A bailout for Detroit would be unfair to taxpayers as well as to the firms in the industry that don’t receive subsidies, and it would distort market signals and incentivize inefficient, unproductive activities at a time when the economy can least afford it. Beyond those principled objections, there is the cold, hard fact that a bailout for these automakers under these circumstances would fail.
The Big Three are losing $6 billion per month collectively, and U.S. automakers are projected to sell even fewer cars in 2009. In other words, the operating losses will only grow. At Thursday’s hearing before the Senate Banking Committee, it became clear that the Big Three’s problems are much deeper than they originally ($25 billion) or subsequently ($34 billion) represented. Economist Mark Zandi — who was actually testifying in favor of a phased bailout — projected the full cost of a bailout at $75 billion to $125 billion over two years.
With such overcapacity in the industry already, subsidies to build more capacity or to retool would be an egregious waste of our children’s money. Yet House Speaker Nancy Pelosi still wants to see plans for Big Three investment in high‐mileage vehicles, even though Americans will have even less interest in purchasing them as gas prices continue to fall nationwide.
Some raise the point that subsidizing consumption, rather than inefficient production, might be a better approach. I think there is a plausible argument that incentivizing demand behavior is more effective than incentivizing supply behavior to achieve policy outcomes. After all, the end purpose of production is consumption. For example, fuel efficiency standards imposed on auto producers compel them to produce vehicles with low or no profit margins. It hurts their bottom lines. There is only a compliance motive, and no profit motive, in making these kinds of cars. If reducing carbon emissions is an objective of policy, a gas tax would be a more direct (and probably fairer) way of achieving that goal.
Subsidizing demand, though, also carries the potential for perverse and unfair consequences. Someone who might have purchased a bicycle or a particular brand of small vehicle might suddenly be in the market for a larger vehicle from a different producer. Are such subsidies fair to the consumer who purchased a new vehicle last month or last year? Are consumers already swimming in too much debt? Is this an appropriate use of taxpayer dollars?
The best solution is to allow the bankruptcy process to work. It will be needed. There are going to be jobs lost, but there is really nothing policymakers can do about that without exacerbating problems elsewhere. The numbers won’t be as dire as the Big Three have been projecting.
As we eventually emerge from the recession, we need to stop thinking about Honda, Toyota, Nissan and the other foreign‐nameplate automakers producing in the United States as non-U.S. companies. After all, they employ American workers, pay U.S. taxes, support local businesses and charities and continue to make investments in U.S. manufacturing. They are the companies leading the way forward. More broadly, we need to recognize that the world economy is no longer characterized as “our producers versus their producers” or “us versus them.”
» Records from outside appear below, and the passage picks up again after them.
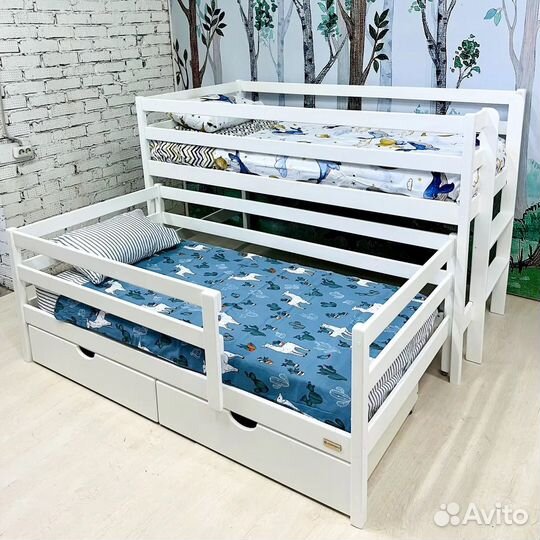 Детская кровать выкатная для двоих детей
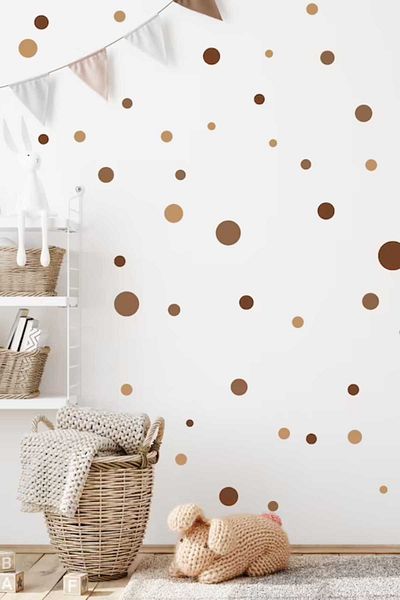Piksel Grafik Brown Dots Wall Sticker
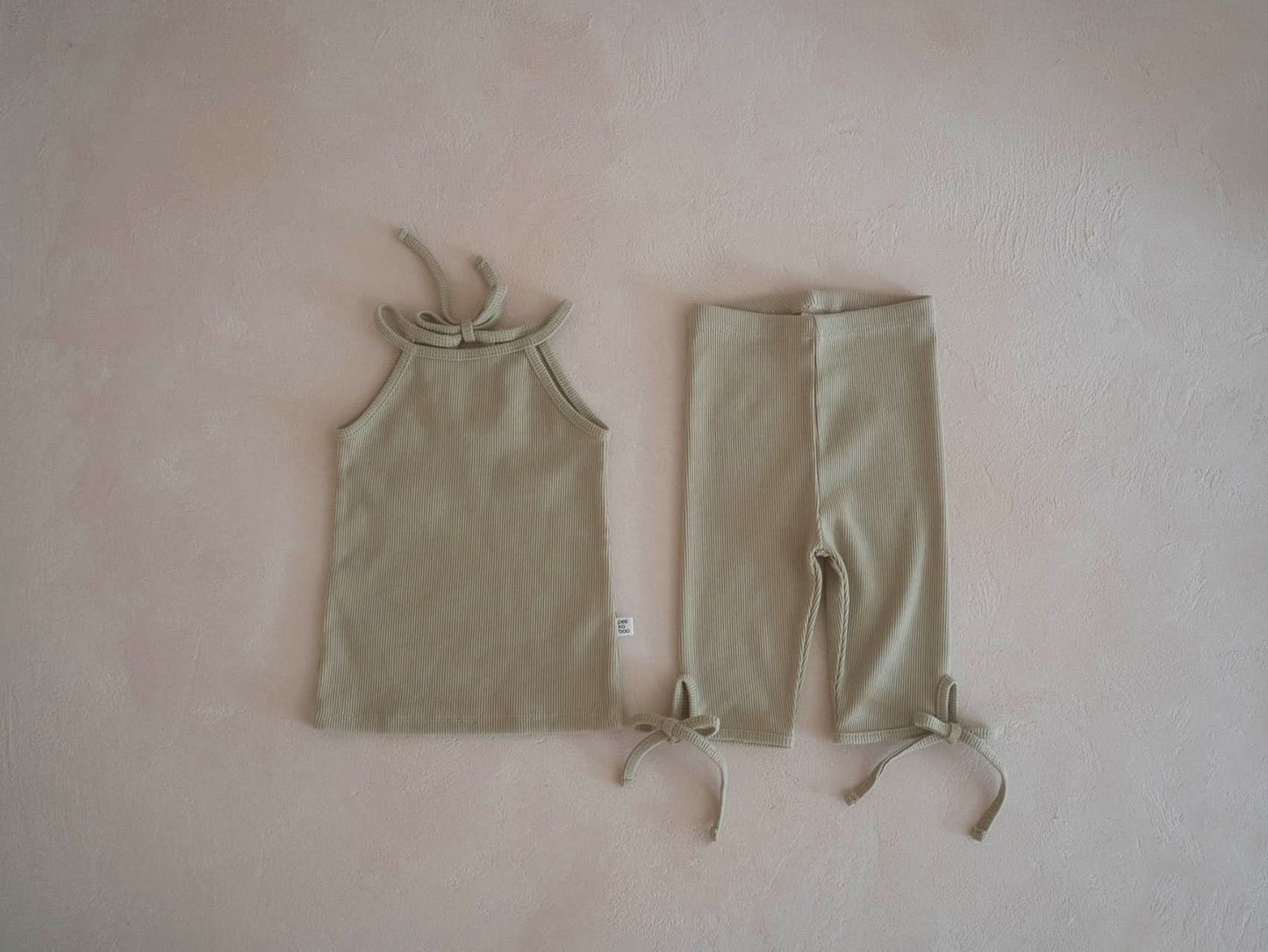 Toddler Tie - Back Ribbed Halter Tank Top and Shorts Set (6m - 6y) - 5 Colors kids outfit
It’s not so much competition between distinct companies that characterizes commerce in the global economy. It is really a competition between supply chains that tend to comprise value‐added activities from multiple countries. Companies are not competing for markets as much as countries are competing for investment and talent. Smart public policy, by which I mean policies that carry few frictions and allow markets to work, will ensure a return to growth and high living standards.